EXTRACTED RECORDS Block Start

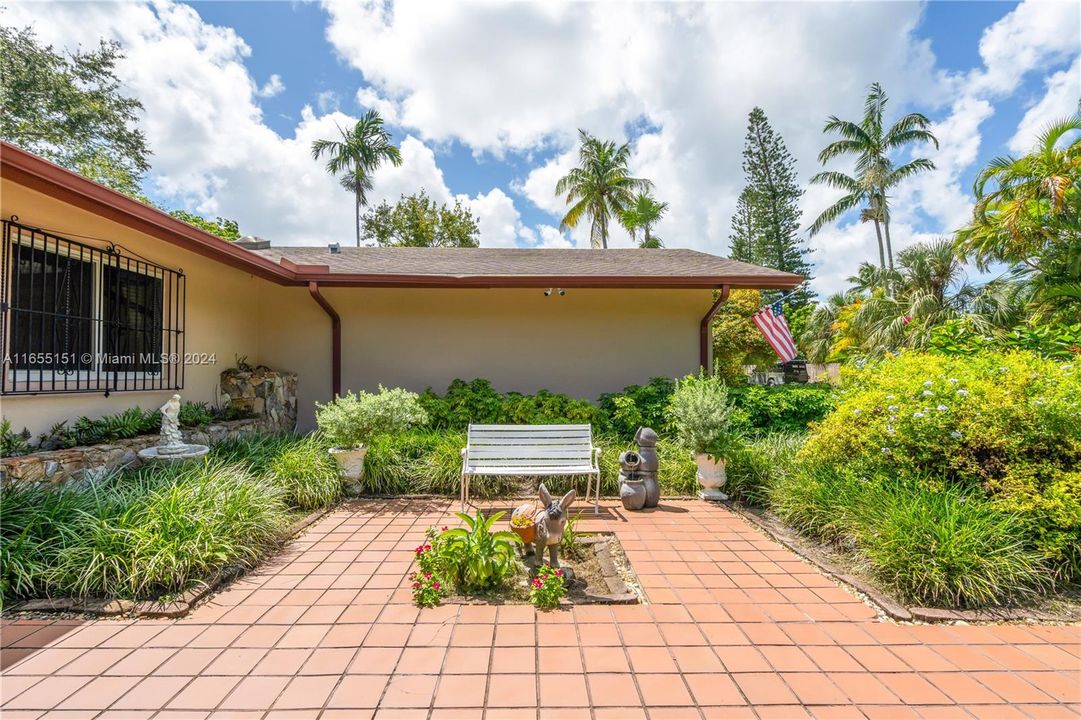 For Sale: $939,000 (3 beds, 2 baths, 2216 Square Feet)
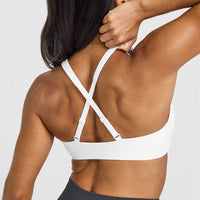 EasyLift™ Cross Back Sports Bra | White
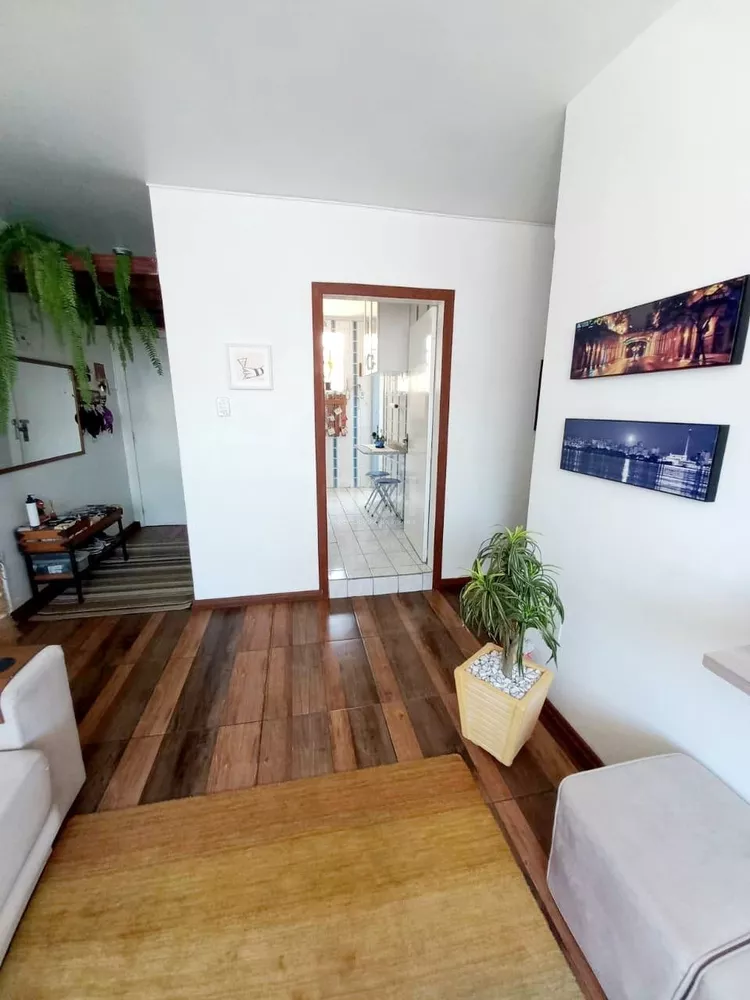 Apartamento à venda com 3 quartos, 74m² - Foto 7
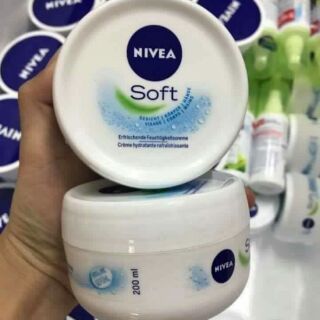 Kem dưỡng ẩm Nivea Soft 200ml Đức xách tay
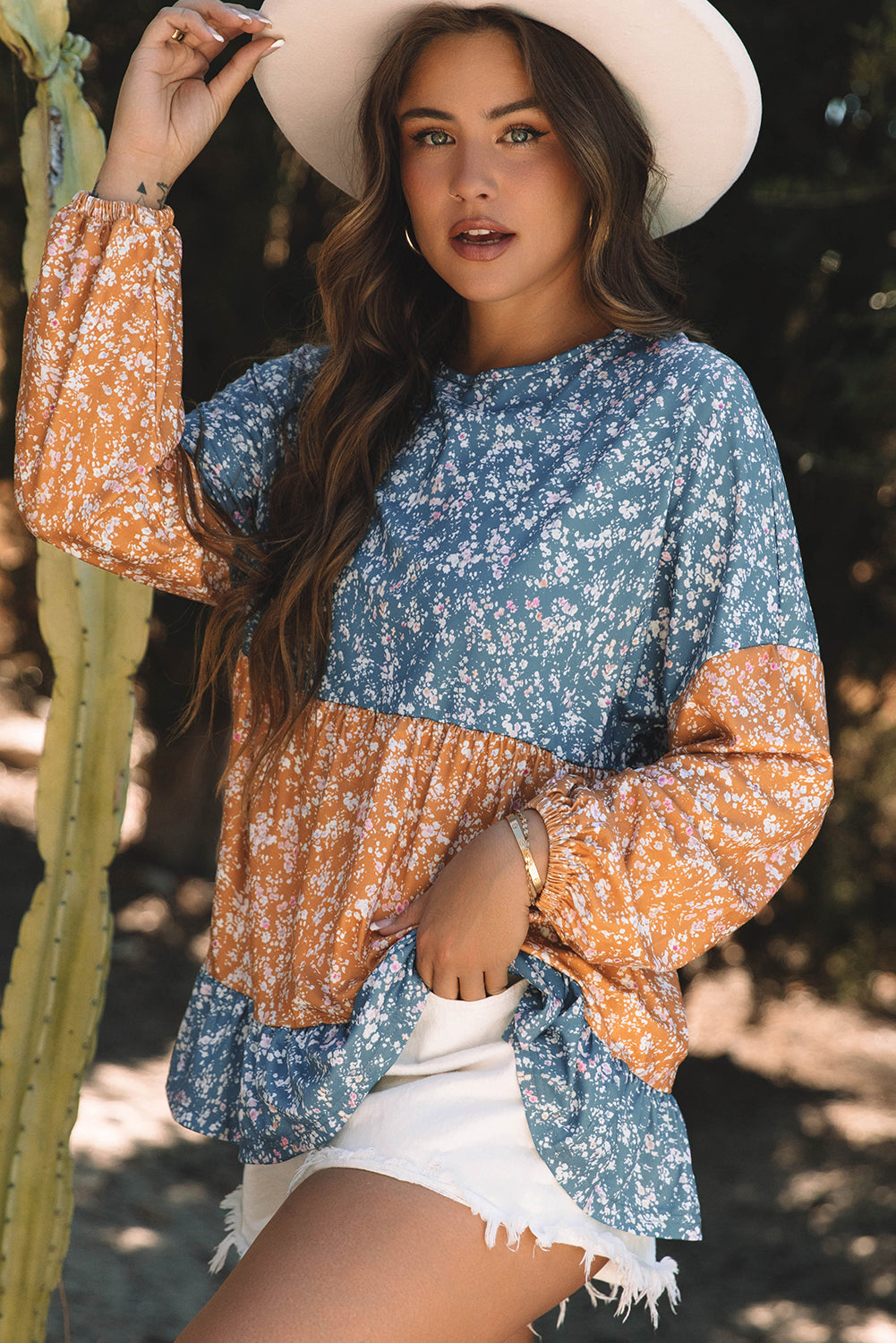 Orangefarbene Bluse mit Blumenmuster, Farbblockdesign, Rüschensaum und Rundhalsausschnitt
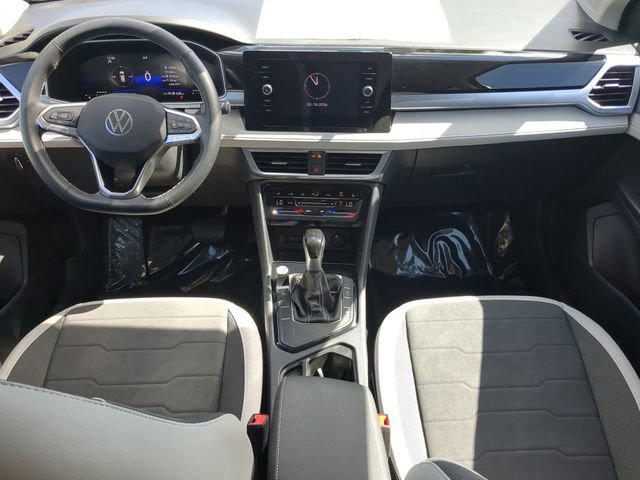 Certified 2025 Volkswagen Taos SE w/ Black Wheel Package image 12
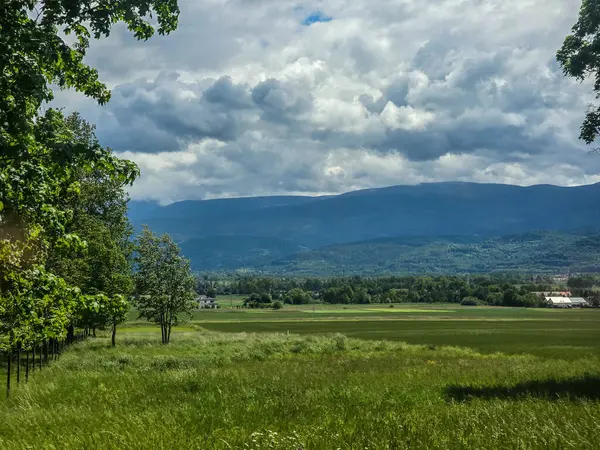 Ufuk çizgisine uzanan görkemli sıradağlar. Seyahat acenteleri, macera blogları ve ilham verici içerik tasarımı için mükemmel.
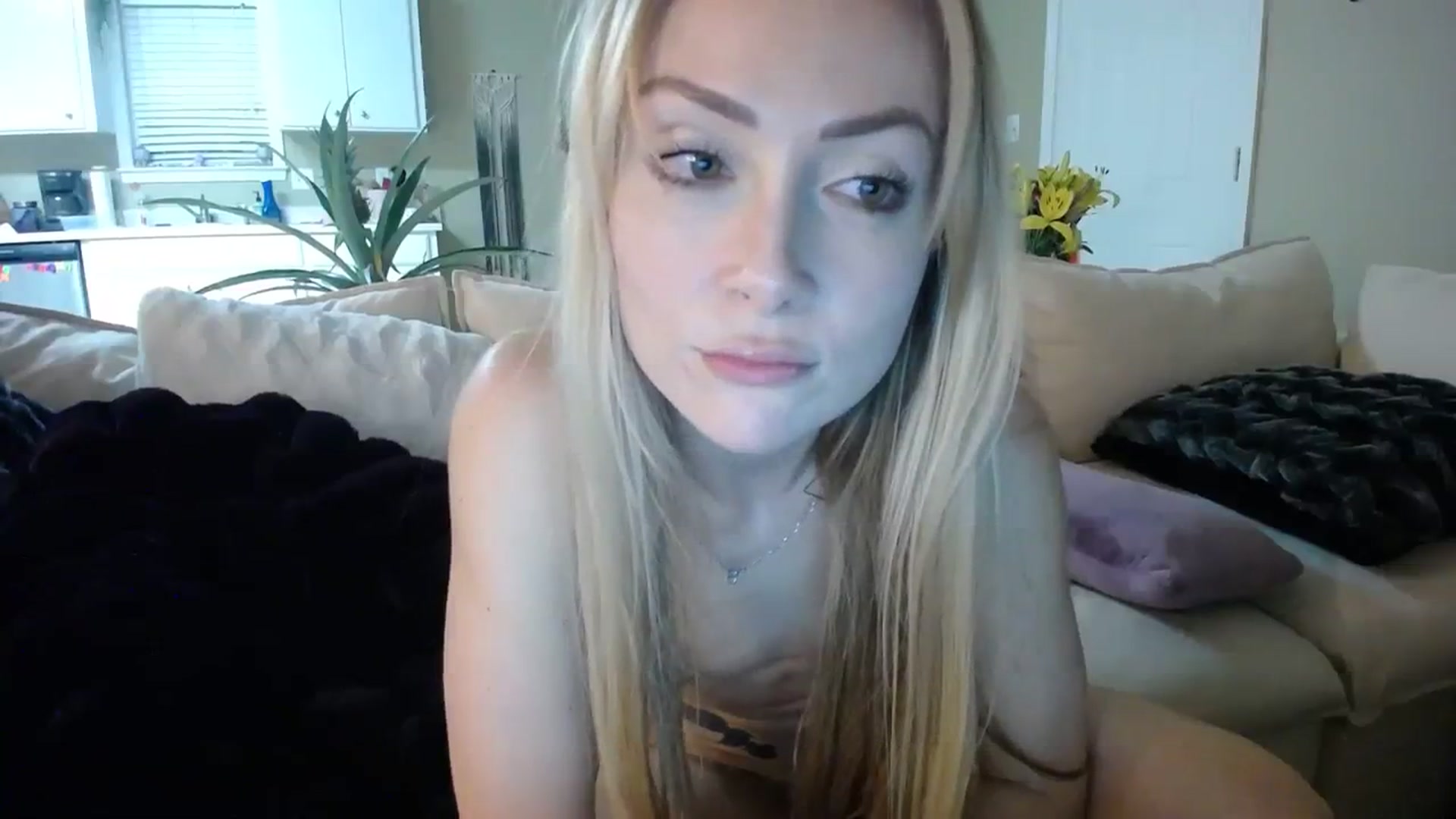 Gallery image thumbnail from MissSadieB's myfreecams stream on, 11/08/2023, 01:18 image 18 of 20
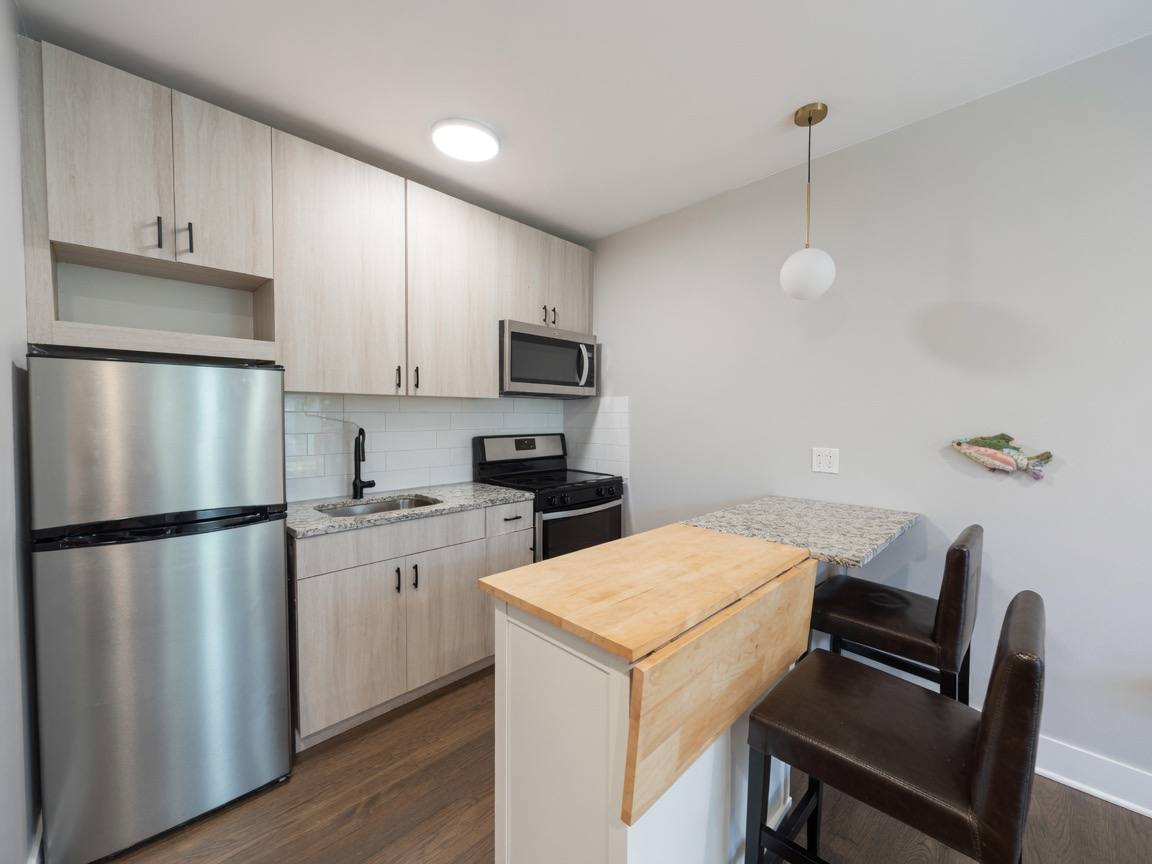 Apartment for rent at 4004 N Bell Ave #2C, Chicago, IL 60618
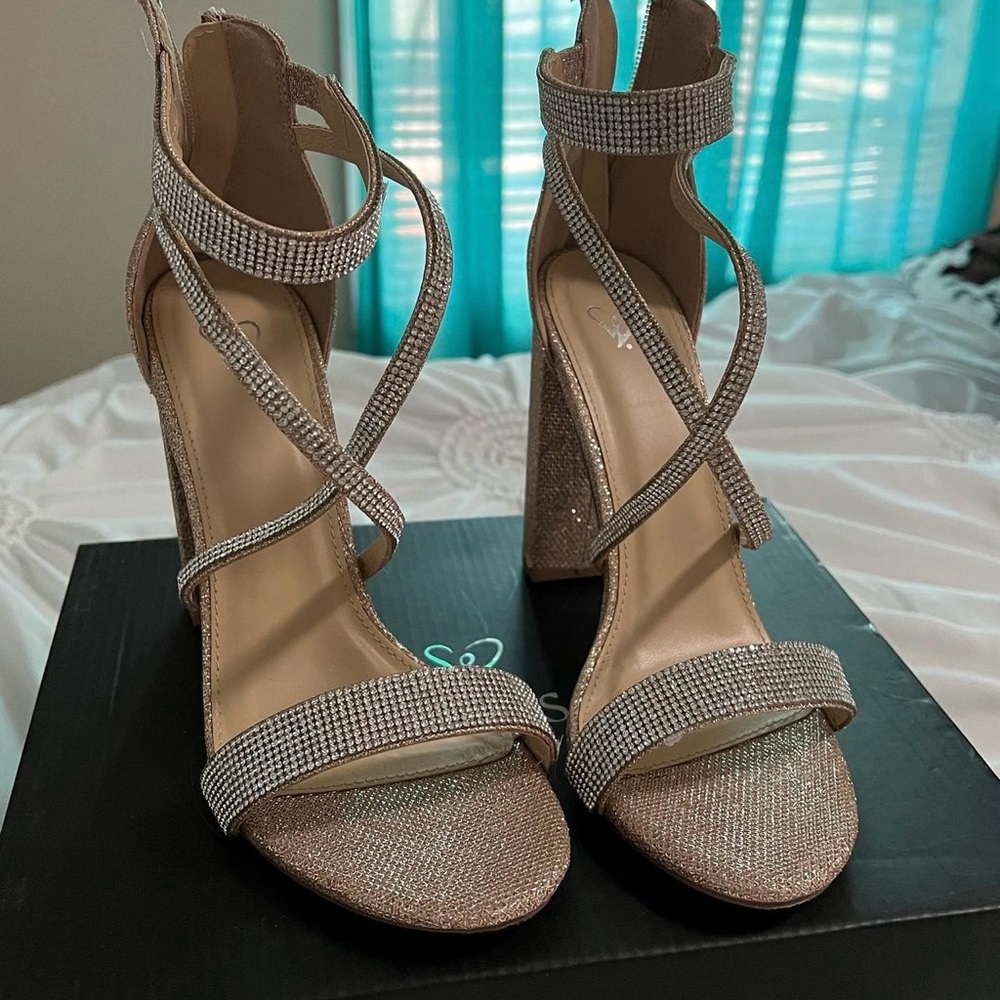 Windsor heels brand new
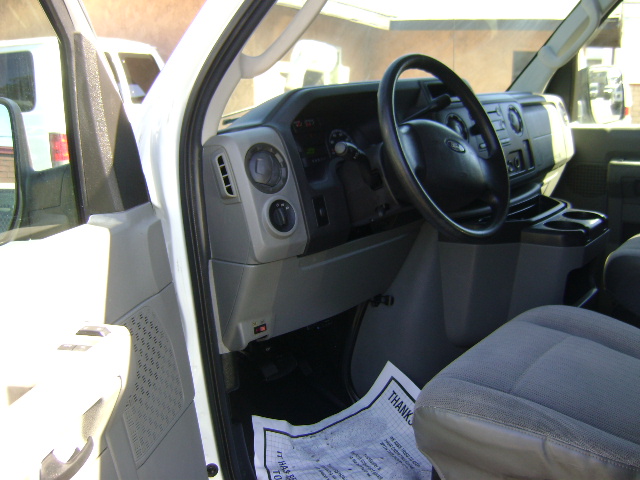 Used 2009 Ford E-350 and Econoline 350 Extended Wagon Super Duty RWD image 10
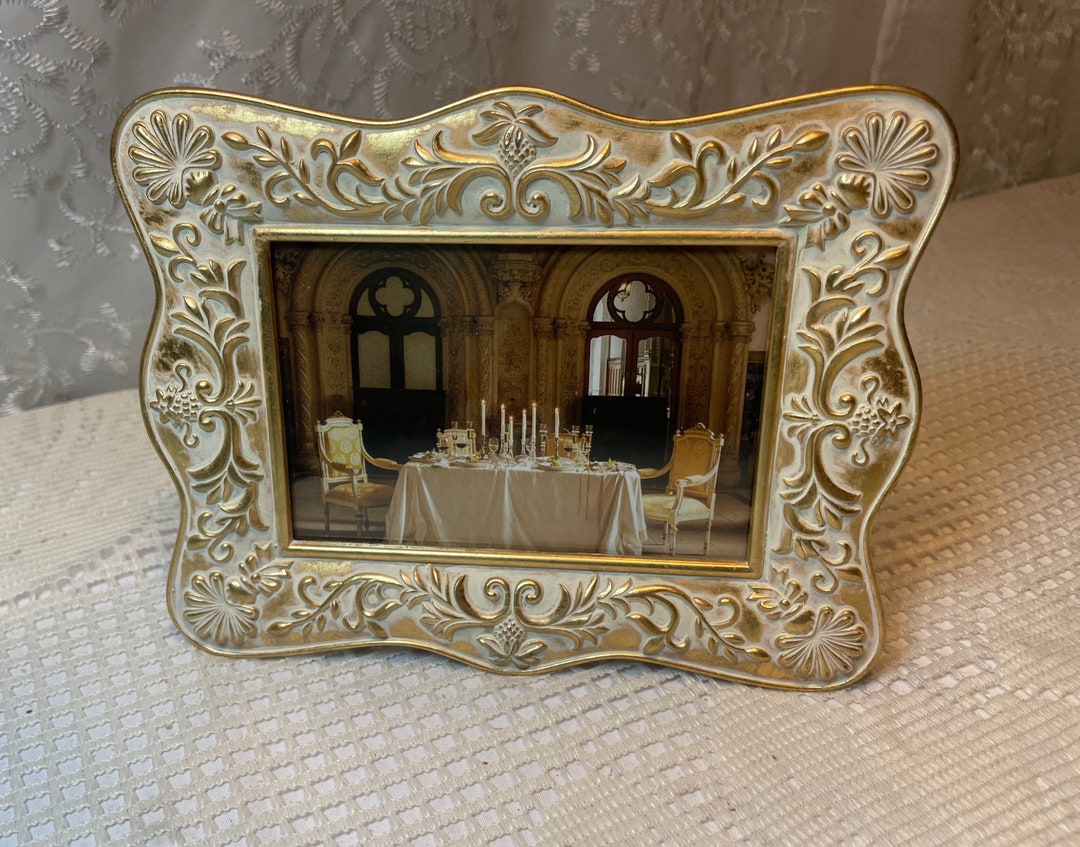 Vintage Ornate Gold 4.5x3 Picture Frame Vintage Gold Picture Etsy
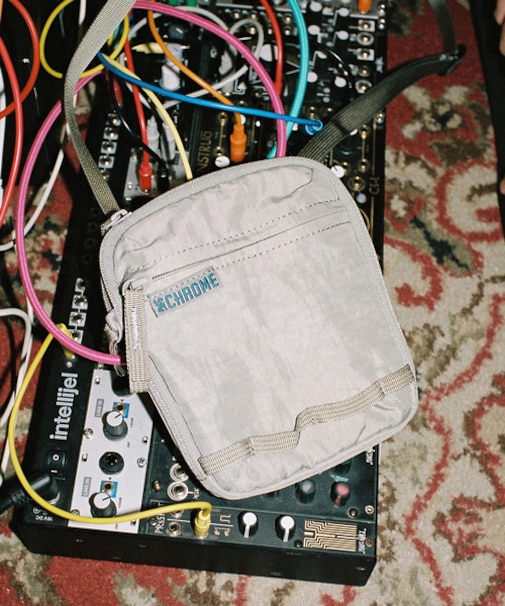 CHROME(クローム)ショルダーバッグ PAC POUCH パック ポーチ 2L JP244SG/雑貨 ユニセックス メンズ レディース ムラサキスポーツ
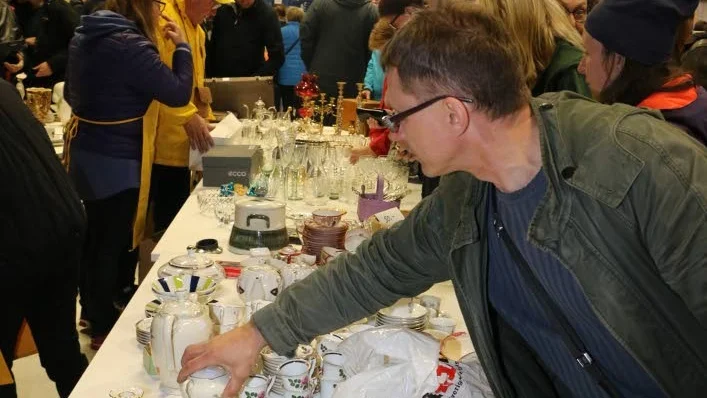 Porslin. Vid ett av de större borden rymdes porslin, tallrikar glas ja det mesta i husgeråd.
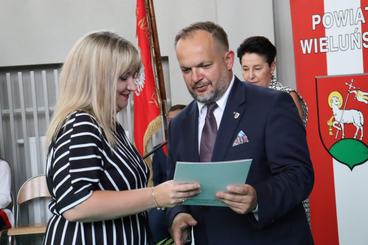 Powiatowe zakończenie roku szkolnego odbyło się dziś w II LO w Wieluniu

EXTRACTED RECORDS Block End

YOUR TASK: All entries above must be duplicated exactly; please omit any picture they hold.

SOLVED EXERCISE:
 For Sale: $939,000 (3 beds, 2 baths, 2216 Square Feet)
 EasyLift™ Cross Back Sports Bra | White
 Apartamento à venda com 3 quartos, 74m² - Foto 7
 Kem dưỡng ẩm Nivea Soft 200ml Đức xách tay
 Orangefarbene Bluse mit Blumenmuster, Farbblockdesign, Rüschensaum und Rundhalsausschnitt
 Certified 2025 Volkswagen Taos SE w/ Black Wheel Package image 12
 Ufuk çizgisine uzanan görkemli sıradağlar. Seyahat acenteleri, macera blogları ve ilham verici içerik tasarımı için mükemmel.
 Gallery image thumbnail from MissSadieB's myfreecams stream on, 11/08/2023, 01:18 image 18 of 20
 Apartment for rent at 4004 N Bell Ave #2C, Chicago, IL 60618
 Windsor heels brand new
 Used 2009 Ford E-350 and Econoline 350 Extended Wagon Super Duty RWD image 10
 Vintage Ornate Gold 4.5x3 Picture Frame Vintage Gold Picture Etsy
 CHROME(クローム)ショルダーバッグ PAC POUCH パック ポーチ 2L JP244SG/雑貨 ユニセックス メンズ レディース ムラサキスポーツ
 Porslin. Vid ett av de större borden rymdes porslin, tallrikar glas ja det mesta i husgeråd.
 Powiatowe zakończenie roku szkolnego odbyło się dziś w II LO w Wieluniu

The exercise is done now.